– Я развел там какой-то предвыборный штаб, – сказал он. – Понятия не имею, чем только я думал.
Далее он переоформил детскую в светло-розовый цвет. С розовыми ленточками, рюшами, одеяльцами. Я счел это милым, однако он по-прежнему был недоволен.
– Слишком навязчиво, да? В том смысле, а вдруг она решит стать пацанкой?
– Не думаю, что розовая комната – пока она даже ползать не научилась – хоть чем-нибудь ей навредит.
Он упрямо качнул головой.
– Нет, Джонни. Так плохо. Я не собираюсь запрещать ей бейсбол и заставлять играть исключительно в куклы. – На следующий день все розовое отправилось назад в магазин, и он начал с начала. Я старался ему не мешать, если только он сам не обращался за помощью.
Как-то вечером, вернувшись с пробежки, я застал в нашей гостиной Тейлор. Отец с Коулом сидели, склонившись над ней, и держали ладони на ее животе. На ее месте я бы попросил их держать руки при себе, но Тейлор, похоже, не возражала.

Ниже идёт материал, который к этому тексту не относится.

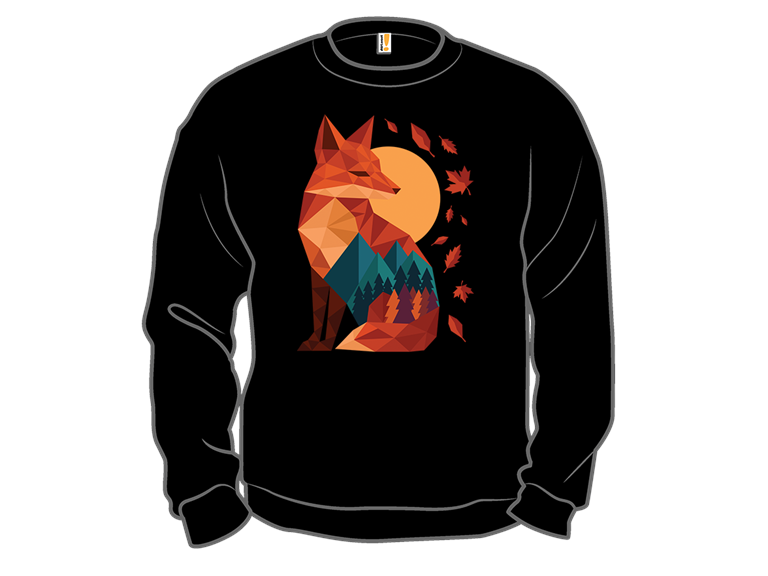 Geometric Fox Under Autumn Moon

Все трое источали улыбки.
– Джон, подойди, – сказал мой отец. – Эта малышка настоящая егоза.
– Не хочу теснить Тейлор.
– Вы шутите? – рассмеялась она. – Взгляните на меня! Я большая, как дом. Рядом со мной хватит места еще на несколько человек.
Как бы глупо я ни ощущал себя, это было чудесно – сидеть со своим отцом и с любимым мужчиной и созерцать новую жизнь, которая крутилась и вертелась у Тейлор внутри.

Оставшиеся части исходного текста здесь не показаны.